Real-World Example: At 14:37 on a Tuesday, a newly deployed Cloud Run revision of a payment service begins returning HTTP 500 errors for 3% of requests — an error budget burn rate of 60× the sustainable rate, triggering the fast-burn SLO alert. The on-call engineer receives a PagerDuty notification within 2 minutes of the error spike. They navigate to Cloud Run > Revisions, click Manage traffic, and shift 100% of traffic back to the previous revision in 20 seconds — the error rate drops immediately to zero. Total user impact: 7 minutes of elevated error rate. The engineer then investigates the failed revision's logs in Logs Explorer to identify the root cause (a missing database index on a new query) before re-deploying with the fix. The post-incident review documents the timeline, the detection method (SLO multi-burn-rate alert), and the remediation steps — feeding improvements back into the runbook.

💡 Additional SRE Practice Objectives & Learning Guidelines

  • Toil Reduction: SRE practice emphasises eliminating toil — repetitive, manual, automatable operational work that does not provide lasting value. For a DevOps engineer managing Cloud Run or GKE, common sources of toil include: manual deployment approvals for non-production environments, manually updating image tags in deployment manifests, and manually responding to predictable scaling events. For each toil item you identify, evaluate whether a Cloud Deploy automation rule, a Cloud Scheduler job, or an autoscaler can eliminate the manual step entirely.

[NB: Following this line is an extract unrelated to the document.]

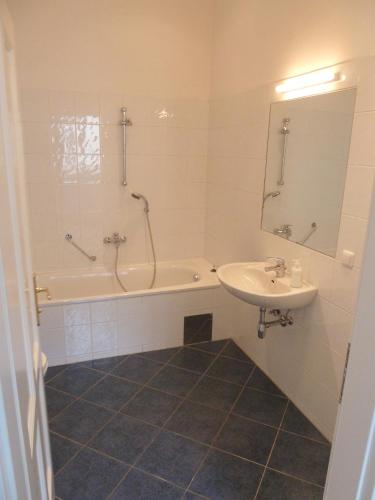 Sobieski Ring Apartments - image 14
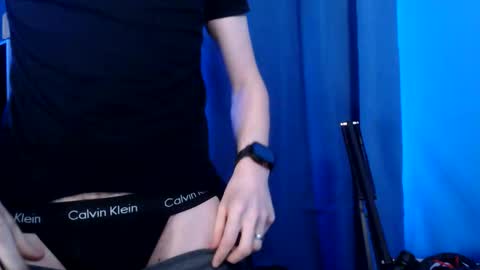 joeyfreeman95 online show from April 23, 2:41 pm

  • Chaos Engineering: Controlled fault injection is a practice for proactively discovering reliability weaknesses before they cause production incidents. Google Cloud supports this through: (1) Cloud Run traffic splitting — deliberately sending a percentage of traffic to a slow or erroring revision to measure system behaviour; (2) Fault injection with Cloud Service Mesh — for GKE workloads that have configure_service_mesh = true set (App_GKE Group 5), Cloud Service Mesh (Anthos Service Mesh / Istio) is automatically provisioned with sidecar injection enabled. This allows you to inject HTTP faults (artificial delays or abort codes such as HTTP 503) into specific traffic paths using Istio VirtualService fault injection rules — verifying that downstream services degrade gracefully without requiring any application code changes. Navigate to Cloud Service Mesh > Traffic management to explore fault injection policy configuration, and confirm mesh enablement by running kubectl get pods -n NAMESPACE and verifying each pod shows 2/2 containers (application + istio-proxy sidecar).

  • Incident Post-Mortems (Blameless): The SRE discipline of blameless post-mortems is a key exam topic. After every significant incident, document: (1) the timeline of events from symptom detection to resolution; (2) contributing factors (not root causes — complex systems have multiple contributing factors, not a single root cause); (3) action items with owners and deadlines. The goal is systemic improvement, not individual blame. Google's SRE Workbook provides a post-mortem template; navigate to Cloud Logging > Log Analytics to run SQL queries over historical log data as part of a post-mortem investigation.

  • Release Velocity and Error Budget Policy: Formalise the relationship between error budget consumption and deployment frequency. An error budget policy document (owned by the SRE and development teams jointly) should specify: what deployment gate applies at 0–50% budget consumption (normal velocity), 50–100% (slow down, only critical features), and 100%+ (freeze all feature deployments, prioritise reliability). This policy transforms reliability from a subjective judgment into an objective, data-driven team agreement.